“I am Lakota. My professional interests stem from my personal reality as an Indigenous person, a person of color, and a social worker. My on-going interest in cultural identity comes from grappling with the Anglo-English roots of social work, my chosen profession, and its responsiveness (or lack thereof) to culturally diverse peoples. My focus, while diverse, is primarily on Indigenous populations, including Native Americans and other Indigenous Peoples around the world. Throughout my work, I continually ask, where does the cultural piece fit in?”
Multicultural social work; indigenous populations and refugees
Hilary N. Weaver, DSW, is a professor and associate dean for academic affairs in the SUNY University at Buffalo School of Social Work. As a social worker, educator and researcher, most of her work focuses on the importance of culture in helping processes with a particular focus on Indigenous Peoples and a secondary focus on refugees. She views both through the lens of the common experience; these populations are often displaced people who have experienced trauma and are enveloped in foreign cultural contexts. She is Lakota and has lived much of her adult life in Haudenosaunee territory in Western New York.
Weaver has presented her work regionally, nationally and internationally including multiple times at the United Nations Permanent Forum on Indigenous Issues (2005-2008, 2013-2018). Her publications include many authored, co-authored and edited books, including “Explorations in Cultural Competence: Journeys to the Four Directions” (2005).

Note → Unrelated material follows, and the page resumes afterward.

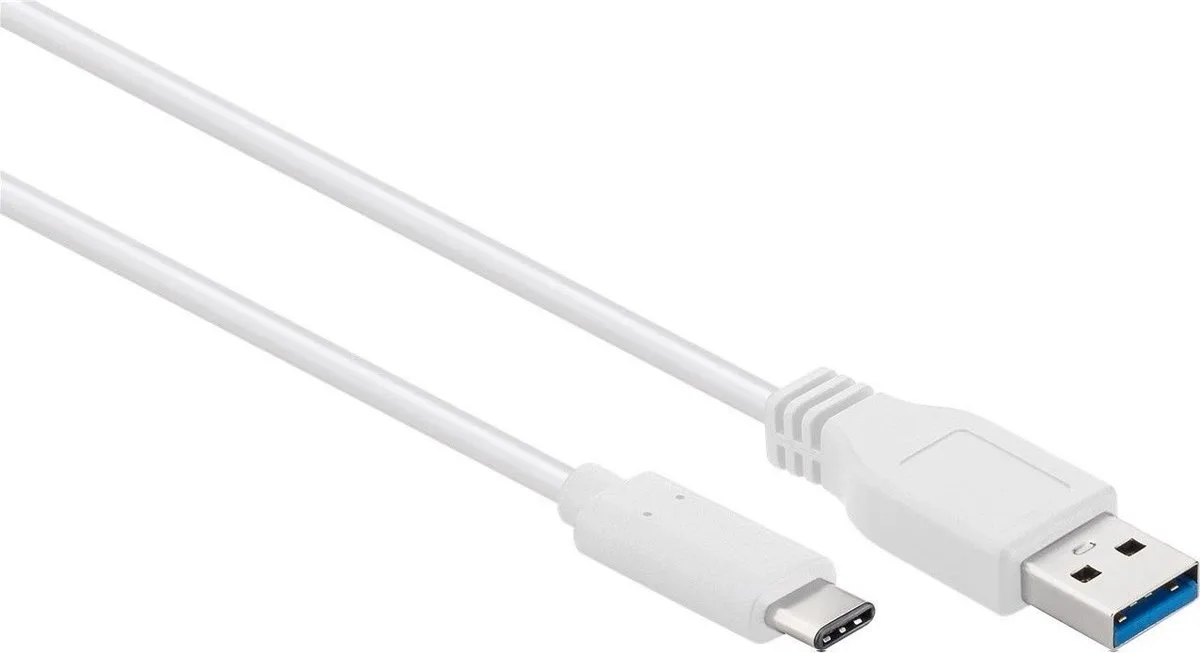 USB-C naar USB-A kabel - USB3.0 - tot 2A / 0,10 meter fra Gembird i Hvid – produktbillede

She edited the well-received book, “Social Issues in Contemporary Native America: Reflections from Turtle Island” (2014). She is at work on a book on contemporary Native American issues viewed through the dual lenses of trauma and resilience.
Weaver has received funding from the National Cancer Institute to develop and test “Healthy Living in Two Worlds,” a culturally grounded wellness curriculum for urban Native American youth. She is a member of NASW and CSWE and serves as president of the Indigenous and Tribal Social Work Educators’ Association. In recognition of her lifelong contributions to promote American Indians in social work education, in 2017 she was the youngest person to be awarded the American Indian Elder Award from the Indigenous and Tribal Social Work Educators’ Association.